● **Exercise inputs**:
"""

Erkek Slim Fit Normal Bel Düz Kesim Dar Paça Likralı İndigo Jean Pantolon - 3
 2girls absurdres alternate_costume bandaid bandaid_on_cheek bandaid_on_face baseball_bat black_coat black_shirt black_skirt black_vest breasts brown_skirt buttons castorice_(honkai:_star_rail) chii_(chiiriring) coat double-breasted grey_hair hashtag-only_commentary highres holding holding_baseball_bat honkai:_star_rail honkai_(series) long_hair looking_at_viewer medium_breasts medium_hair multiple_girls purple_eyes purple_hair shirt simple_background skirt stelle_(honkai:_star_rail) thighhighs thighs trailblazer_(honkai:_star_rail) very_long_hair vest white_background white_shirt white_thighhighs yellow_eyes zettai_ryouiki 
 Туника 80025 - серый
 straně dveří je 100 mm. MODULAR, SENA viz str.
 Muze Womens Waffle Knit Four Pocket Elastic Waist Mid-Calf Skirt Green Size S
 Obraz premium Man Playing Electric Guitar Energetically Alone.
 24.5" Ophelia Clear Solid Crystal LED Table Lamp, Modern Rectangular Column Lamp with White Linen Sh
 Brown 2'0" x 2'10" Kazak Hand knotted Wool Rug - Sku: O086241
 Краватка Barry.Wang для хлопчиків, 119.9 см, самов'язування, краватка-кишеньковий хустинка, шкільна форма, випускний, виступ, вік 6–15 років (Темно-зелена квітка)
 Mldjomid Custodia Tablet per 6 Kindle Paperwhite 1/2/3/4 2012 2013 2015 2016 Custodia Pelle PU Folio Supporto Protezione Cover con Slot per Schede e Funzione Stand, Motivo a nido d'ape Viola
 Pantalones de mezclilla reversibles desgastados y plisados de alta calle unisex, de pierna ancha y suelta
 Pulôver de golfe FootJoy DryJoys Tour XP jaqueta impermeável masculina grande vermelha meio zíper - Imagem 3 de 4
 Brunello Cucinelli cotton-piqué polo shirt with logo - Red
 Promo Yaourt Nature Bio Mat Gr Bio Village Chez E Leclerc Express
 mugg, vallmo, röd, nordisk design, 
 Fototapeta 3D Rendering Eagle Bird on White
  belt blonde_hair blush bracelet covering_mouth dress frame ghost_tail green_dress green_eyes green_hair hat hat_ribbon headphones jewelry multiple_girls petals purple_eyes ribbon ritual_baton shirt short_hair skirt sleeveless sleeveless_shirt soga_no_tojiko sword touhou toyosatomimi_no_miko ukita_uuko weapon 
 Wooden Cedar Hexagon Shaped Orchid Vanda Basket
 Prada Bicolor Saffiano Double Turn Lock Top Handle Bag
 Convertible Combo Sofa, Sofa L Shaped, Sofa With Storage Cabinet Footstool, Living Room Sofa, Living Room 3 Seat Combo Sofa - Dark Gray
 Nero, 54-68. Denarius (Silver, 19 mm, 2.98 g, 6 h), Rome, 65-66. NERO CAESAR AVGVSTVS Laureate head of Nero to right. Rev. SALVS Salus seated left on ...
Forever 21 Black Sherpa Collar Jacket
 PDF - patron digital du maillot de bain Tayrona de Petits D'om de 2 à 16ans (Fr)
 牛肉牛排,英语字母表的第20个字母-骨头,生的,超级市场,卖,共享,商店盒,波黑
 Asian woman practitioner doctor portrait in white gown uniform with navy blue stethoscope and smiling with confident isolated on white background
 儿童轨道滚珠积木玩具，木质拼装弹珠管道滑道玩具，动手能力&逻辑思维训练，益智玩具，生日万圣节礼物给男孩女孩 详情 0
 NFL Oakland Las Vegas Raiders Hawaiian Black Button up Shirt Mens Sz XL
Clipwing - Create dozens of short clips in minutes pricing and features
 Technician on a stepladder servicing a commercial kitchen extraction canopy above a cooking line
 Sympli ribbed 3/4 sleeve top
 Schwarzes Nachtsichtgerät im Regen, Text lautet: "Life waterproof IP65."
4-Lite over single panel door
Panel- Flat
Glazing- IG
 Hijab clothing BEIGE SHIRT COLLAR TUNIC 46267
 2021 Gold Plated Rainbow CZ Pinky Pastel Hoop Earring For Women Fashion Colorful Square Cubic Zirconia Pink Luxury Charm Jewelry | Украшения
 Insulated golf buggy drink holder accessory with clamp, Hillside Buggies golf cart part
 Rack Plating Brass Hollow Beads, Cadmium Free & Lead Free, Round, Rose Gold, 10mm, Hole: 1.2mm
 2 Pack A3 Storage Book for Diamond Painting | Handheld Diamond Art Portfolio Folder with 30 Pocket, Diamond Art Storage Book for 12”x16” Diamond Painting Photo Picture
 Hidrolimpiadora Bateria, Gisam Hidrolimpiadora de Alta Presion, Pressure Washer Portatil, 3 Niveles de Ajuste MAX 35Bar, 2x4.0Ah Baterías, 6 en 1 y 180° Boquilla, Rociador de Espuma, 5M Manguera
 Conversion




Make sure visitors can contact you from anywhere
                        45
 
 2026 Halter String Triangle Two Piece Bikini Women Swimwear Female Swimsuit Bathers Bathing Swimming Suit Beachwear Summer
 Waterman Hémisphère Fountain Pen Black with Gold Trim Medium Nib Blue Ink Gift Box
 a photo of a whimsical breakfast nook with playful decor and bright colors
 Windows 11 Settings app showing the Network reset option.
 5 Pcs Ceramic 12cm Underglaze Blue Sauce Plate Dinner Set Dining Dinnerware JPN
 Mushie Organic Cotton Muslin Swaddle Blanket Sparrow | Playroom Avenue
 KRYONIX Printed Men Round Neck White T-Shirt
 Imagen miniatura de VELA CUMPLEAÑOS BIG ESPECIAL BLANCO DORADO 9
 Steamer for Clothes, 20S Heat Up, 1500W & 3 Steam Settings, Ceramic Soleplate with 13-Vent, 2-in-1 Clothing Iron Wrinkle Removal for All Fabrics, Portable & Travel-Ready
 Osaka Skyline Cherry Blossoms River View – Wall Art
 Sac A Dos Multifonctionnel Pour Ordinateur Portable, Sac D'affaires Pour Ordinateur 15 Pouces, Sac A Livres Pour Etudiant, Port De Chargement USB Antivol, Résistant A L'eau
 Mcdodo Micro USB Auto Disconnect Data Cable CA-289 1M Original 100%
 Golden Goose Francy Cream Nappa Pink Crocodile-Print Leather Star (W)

"""

All lines from the first line of the listing above through the line containing "White Linen Sh" are to be retyped exactly. Leave out any other line.

● **Written answer**:
Erkek Slim Fit Normal Bel Düz Kesim Dar Paça Likralı İndigo Jean Pantolon - 3
 2girls absurdres alternate_costume bandaid bandaid_on_cheek bandaid_on_face baseball_bat black_coat black_shirt black_skirt black_vest breasts brown_skirt buttons castorice_(honkai:_star_rail) chii_(chiiriring) coat double-breasted grey_hair hashtag-only_commentary highres holding holding_baseball_bat honkai:_star_rail honkai_(series) long_hair looking_at_viewer medium_breasts medium_hair multiple_girls purple_eyes purple_hair shirt simple_background skirt stelle_(honkai:_star_rail) thighhighs thighs trailblazer_(honkai:_star_rail) very_long_hair vest white_background white_shirt white_thighhighs yellow_eyes zettai_ryouiki 
 Туника 80025 - серый
 straně dveří je 100 mm. MODULAR, SENA viz str.
 Muze Womens Waffle Knit Four Pocket Elastic Waist Mid-Calf Skirt Green Size S
 Obraz premium Man Playing Electric Guitar Energetically Alone.
 24.5" Ophelia Clear Solid Crystal LED Table Lamp, Modern Rectangular Column Lamp with White Linen Sh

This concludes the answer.